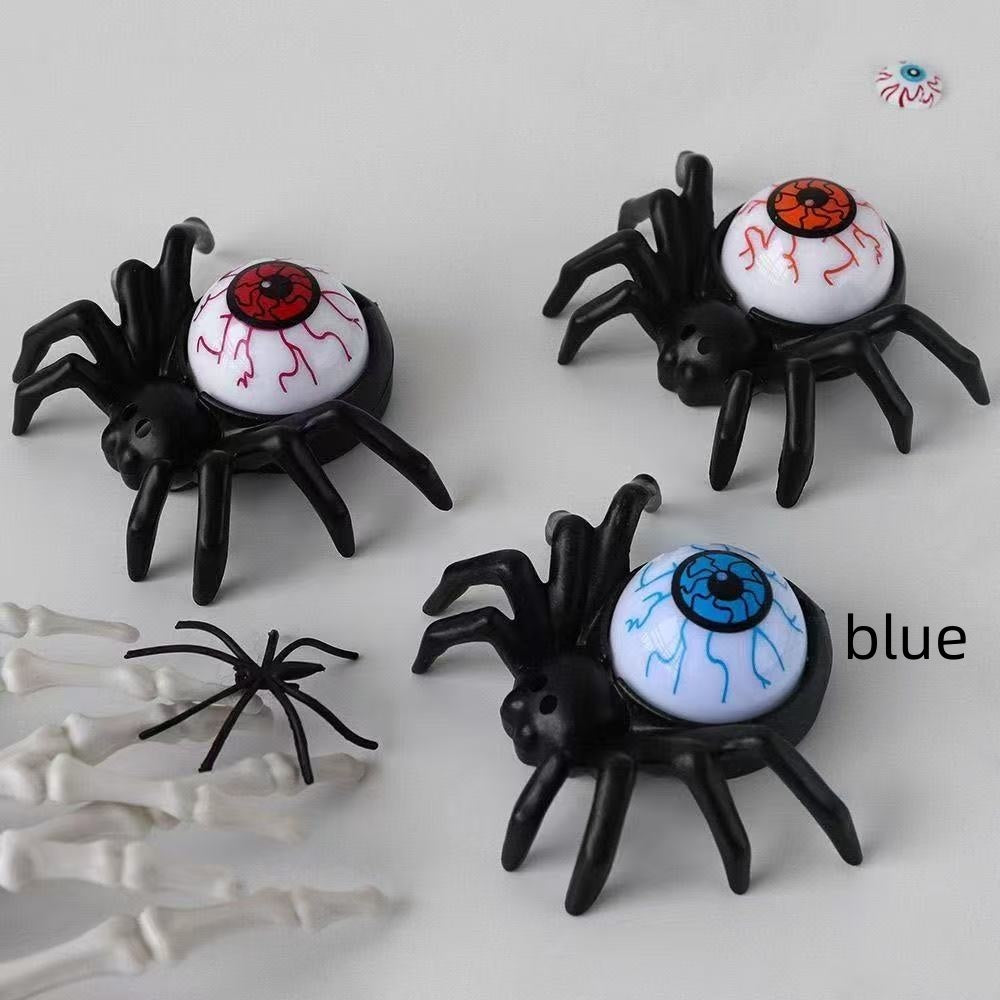 Black spiders with colorful eye balls on a white background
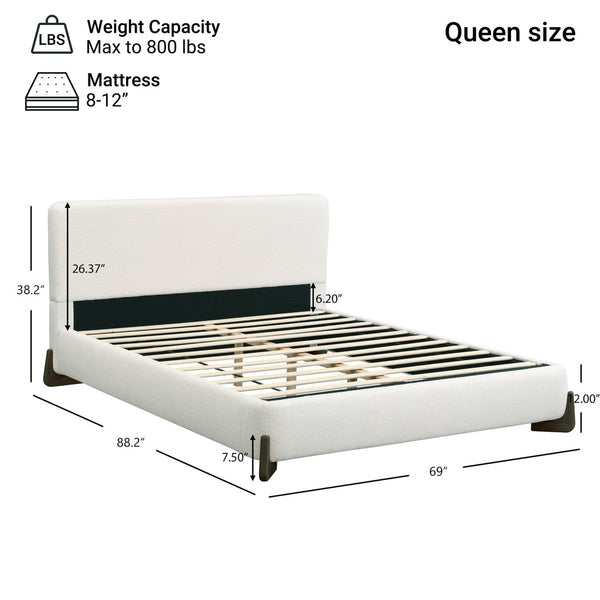 English Elm Elegant Boucle Queen Bed Solid Wood Legs Upholstered Headboard Modern Neutral Bedroom N769Q333728B
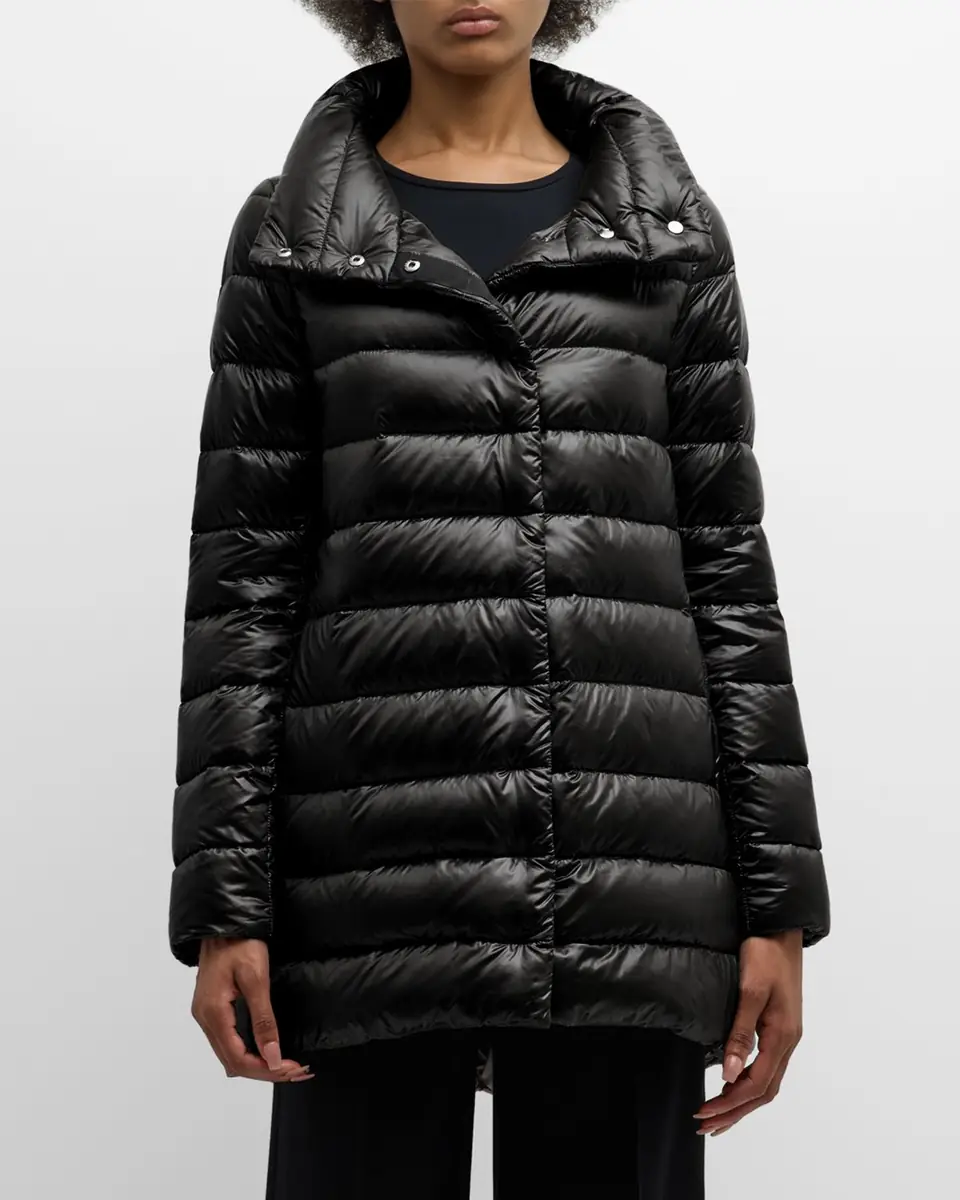 Herno Amelia Water-Resistant Ultralight Nylon A-Line Puffer Jacket | Thumbnail 2 Herno Amelia Water-Resistant Ultralight Nylon A-Line Puffer Jacket | Thumbnail 2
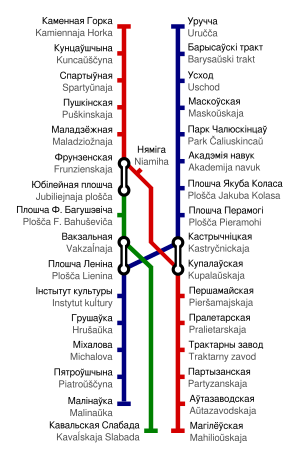 Схема лініяў Менскага мэтрапалітэну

§ **PROMPT**
Write all the lines above out again exactly, minus the images.

§ **COMPLETED EXERCISE**
 Black spiders with colorful eye balls on a white background
 English Elm Elegant Boucle Queen Bed Solid Wood Legs Upholstered Headboard Modern Neutral Bedroom N769Q333728B
 Herno Amelia Water-Resistant Ultralight Nylon A-Line Puffer Jacket | Thumbnail 2 Herno Amelia Water-Resistant Ultralight Nylon A-Line Puffer Jacket | Thumbnail 2
 Схема лініяў Менскага мэтрапалітэну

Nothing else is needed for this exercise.